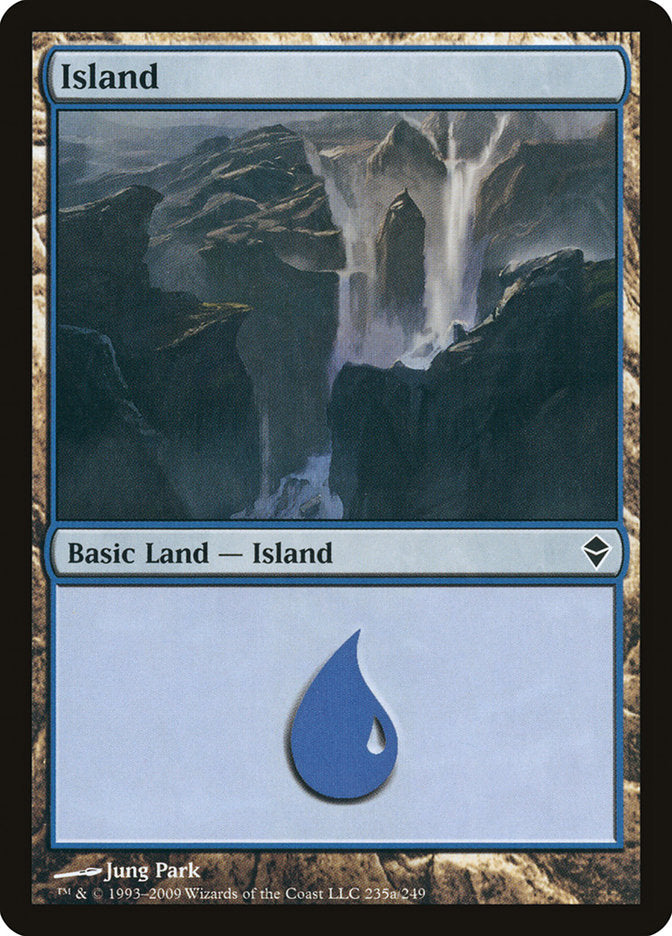 Island (235a) [Zendikar] | Clutch Gaming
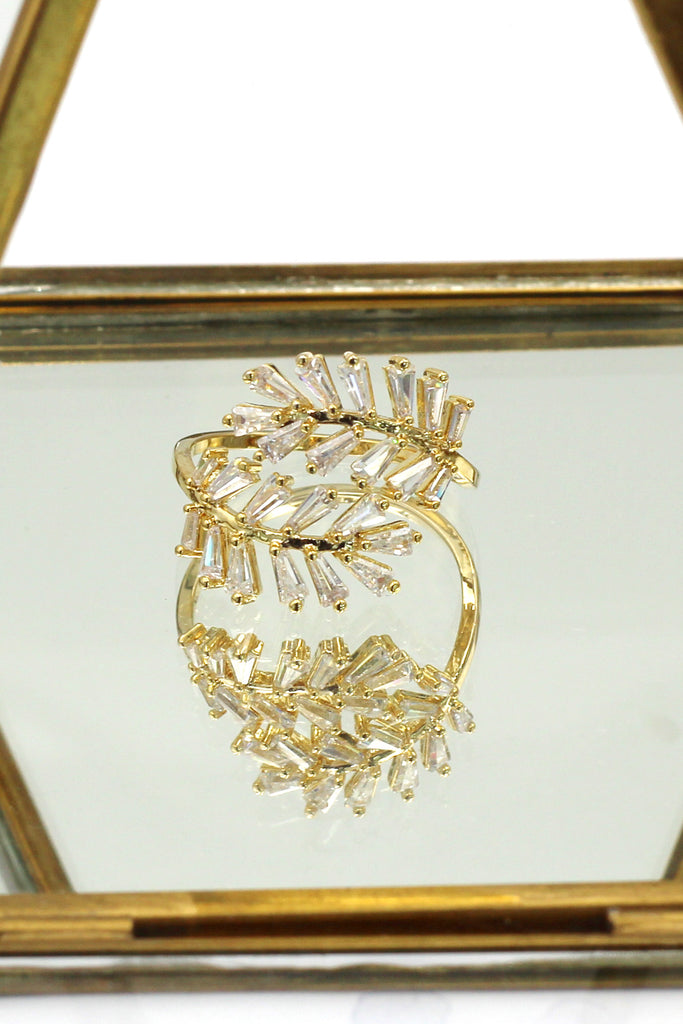 fashion crystal inclusive ring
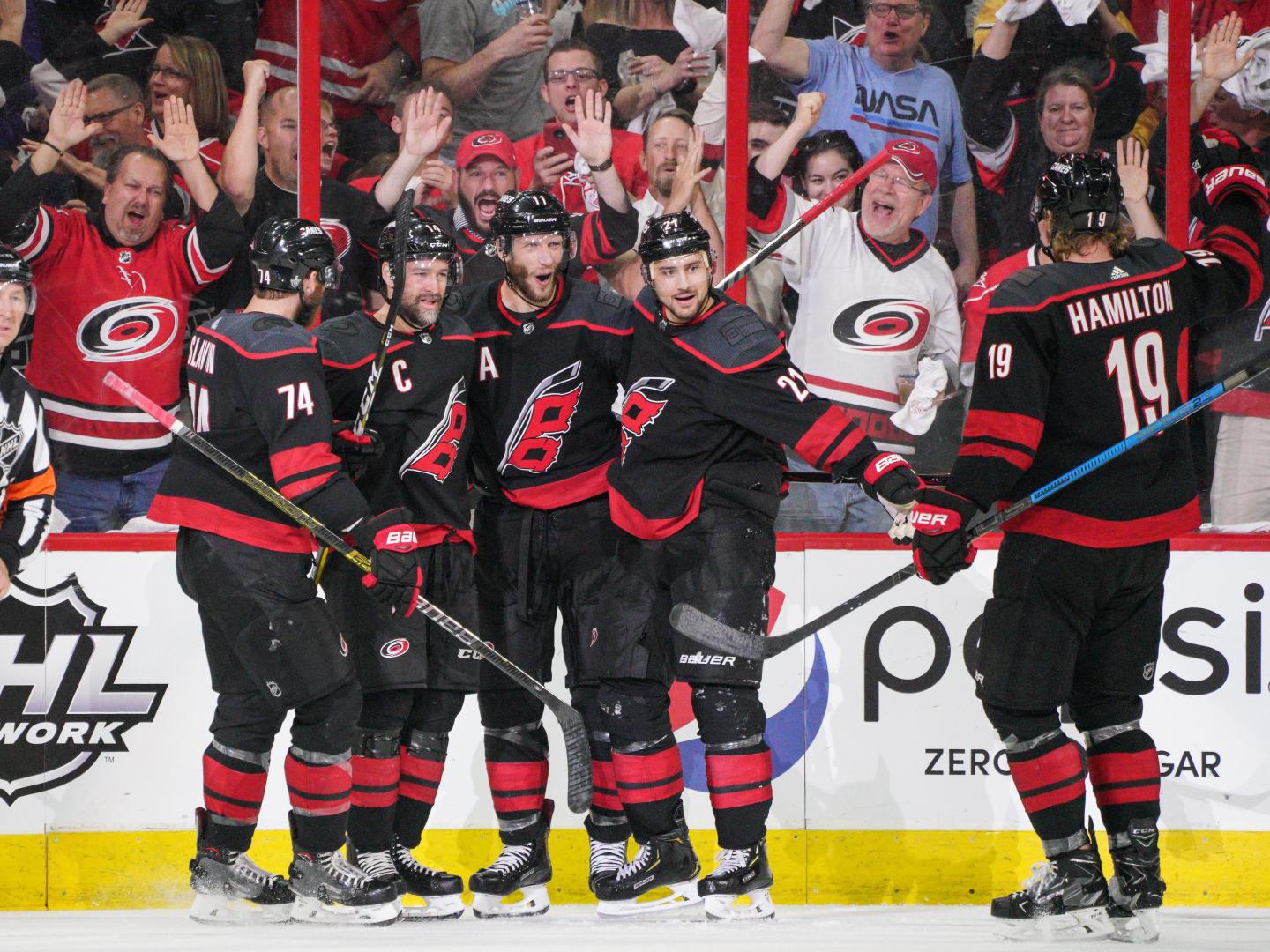 Membros da equipe do Carolina Hurricanes National Hockey League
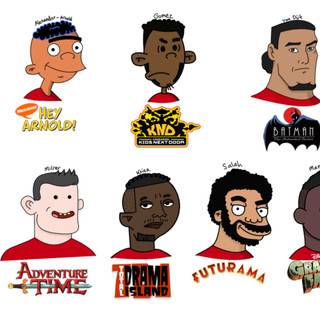 Liverpool cartoon wallpaper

____________

• _WORK ITEM_
Leaving every picture aside, transcribe exactly the lines from the one that contains "fashion crystal inclusive ring" through the final line of the listing above, inclusive.

• _RESULT BELOW_
 fashion crystal inclusive ring
 Membros da equipe do Carolina Hurricanes National Hockey League
 Liverpool cartoon wallpaper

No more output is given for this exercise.